# [RECORDS FOR THE TASK]
□ □ □ □ □ □ □

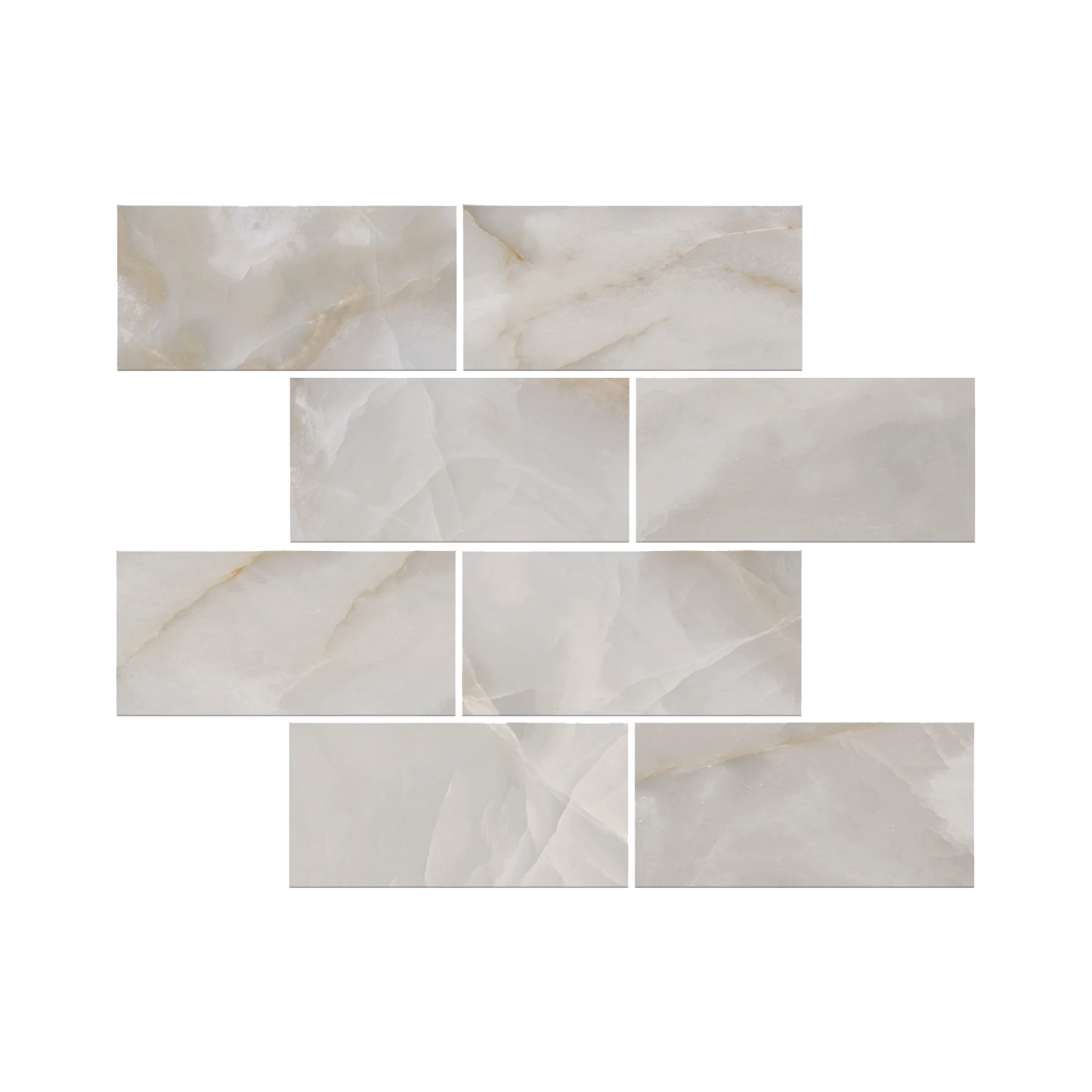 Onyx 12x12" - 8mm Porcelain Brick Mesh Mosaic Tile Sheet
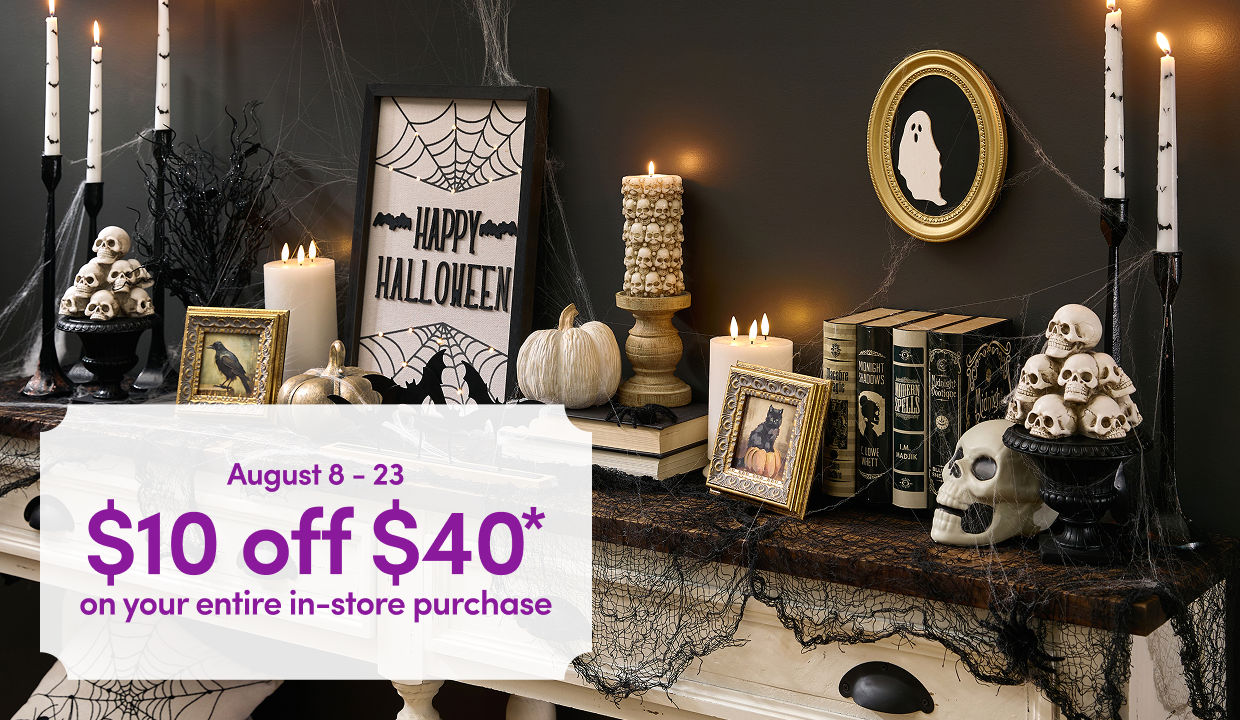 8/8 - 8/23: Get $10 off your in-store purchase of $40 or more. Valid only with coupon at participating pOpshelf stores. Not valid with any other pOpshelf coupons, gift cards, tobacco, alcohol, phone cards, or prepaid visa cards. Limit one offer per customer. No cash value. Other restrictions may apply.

□ □ □ □ □ □ □

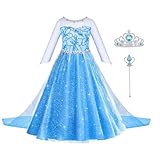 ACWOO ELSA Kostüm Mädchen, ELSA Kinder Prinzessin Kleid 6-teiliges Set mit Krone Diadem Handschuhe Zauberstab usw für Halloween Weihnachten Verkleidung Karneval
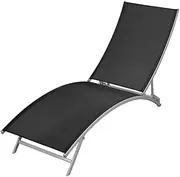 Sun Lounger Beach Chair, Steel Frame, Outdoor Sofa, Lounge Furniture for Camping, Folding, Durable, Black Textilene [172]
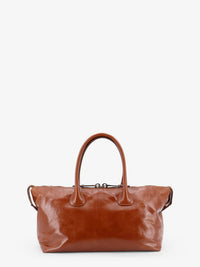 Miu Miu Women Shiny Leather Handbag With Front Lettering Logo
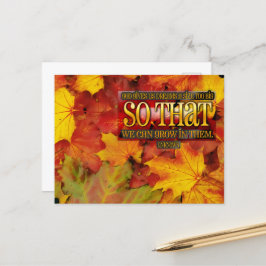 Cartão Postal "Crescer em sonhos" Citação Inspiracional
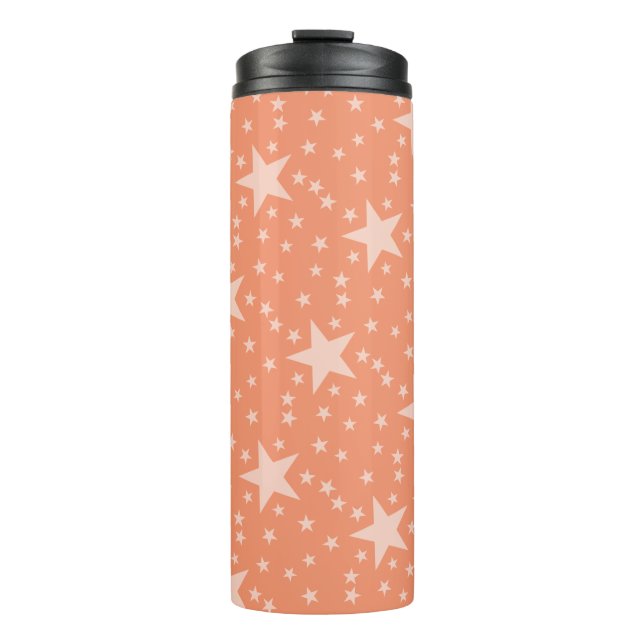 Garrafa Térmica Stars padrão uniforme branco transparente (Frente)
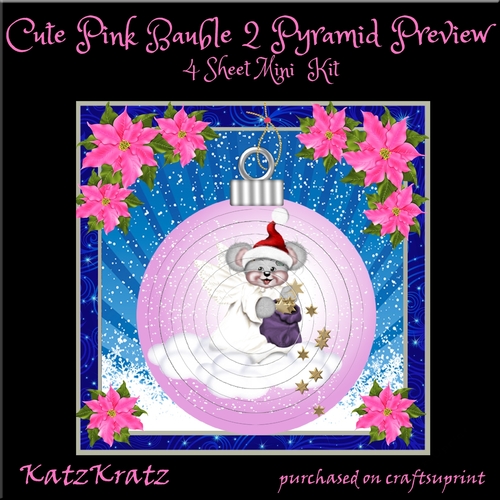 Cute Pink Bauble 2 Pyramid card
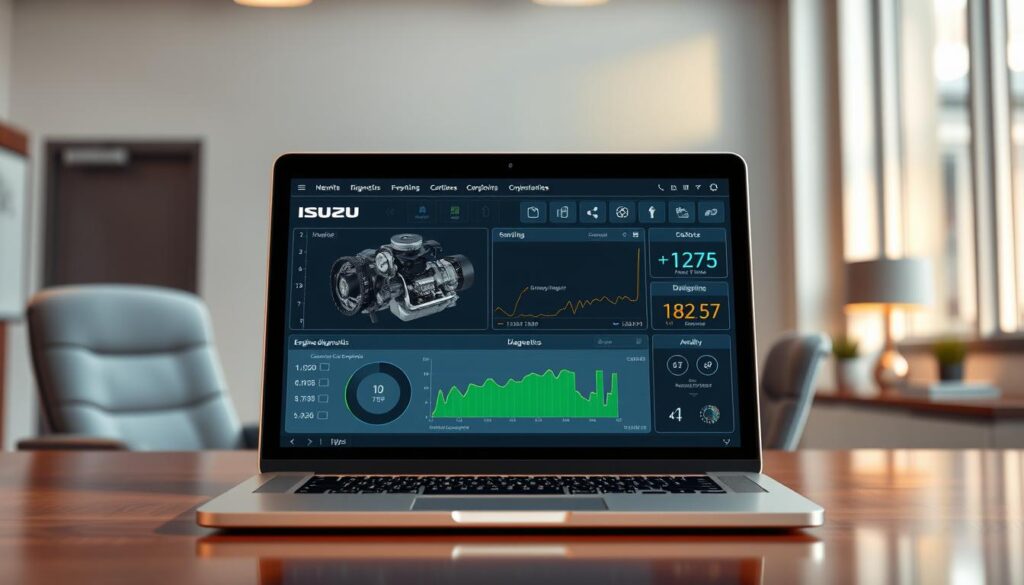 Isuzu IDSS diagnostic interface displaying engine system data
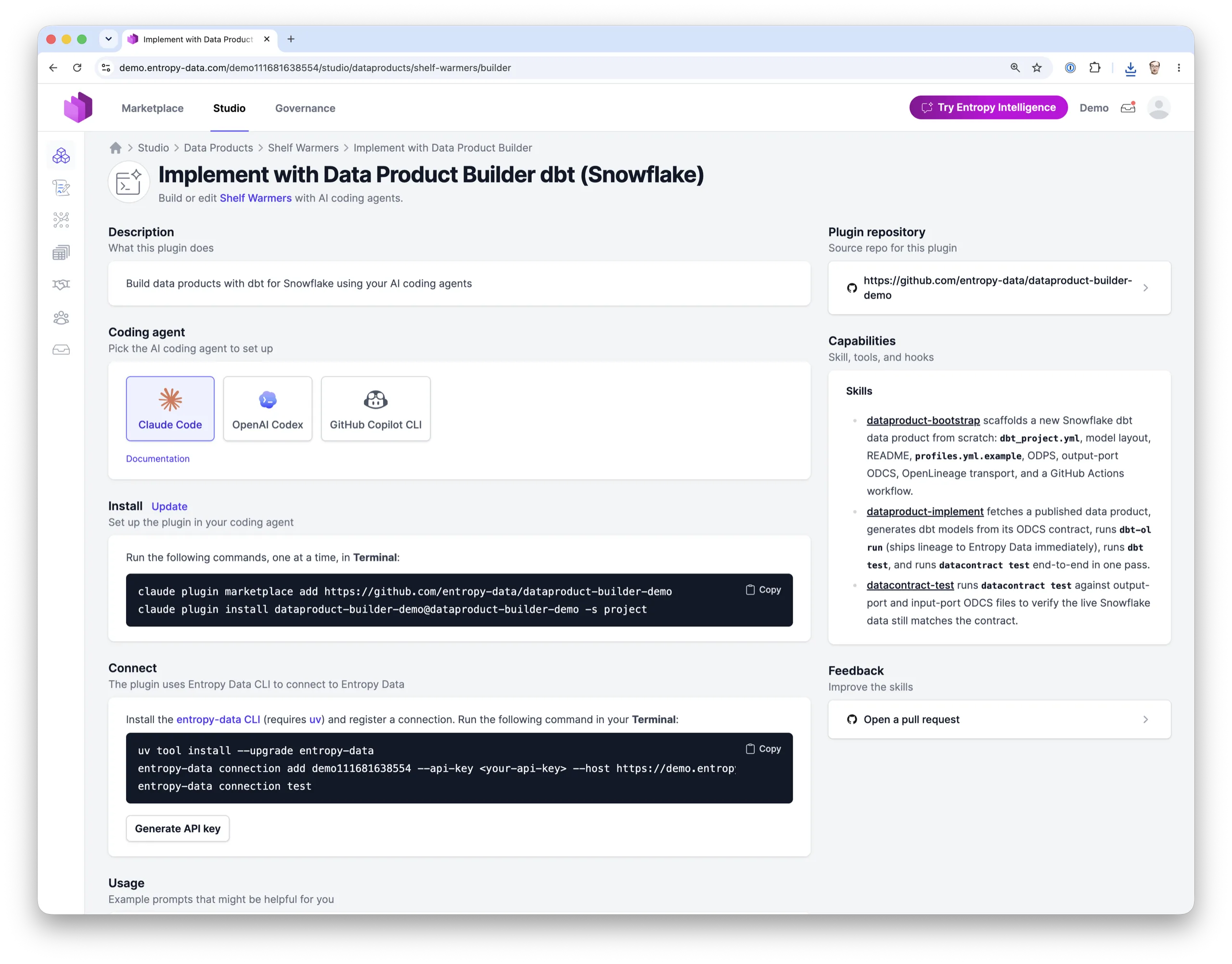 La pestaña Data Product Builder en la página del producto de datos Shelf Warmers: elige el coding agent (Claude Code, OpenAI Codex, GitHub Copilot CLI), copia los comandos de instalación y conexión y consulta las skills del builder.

□ □ □ □ □ □ □

# [ABOUT THIS EXERCISE]
Start at the line containing "Miu Miu Women" above and stop at the line containing "Isuzu IDSS diagnostic". Output those lines exactly, both included, but none of the pictures.

# [SOLUTION TO THE EXERCISE]
 Miu Miu Women Shiny Leather Handbag With Front Lettering Logo
 Cartão Postal "Crescer em sonhos" Citação Inspiracional
 Garrafa Térmica Stars padrão uniforme branco transparente (Frente)
 Cute Pink Bauble 2 Pyramid card
 Isuzu IDSS diagnostic interface displaying engine system data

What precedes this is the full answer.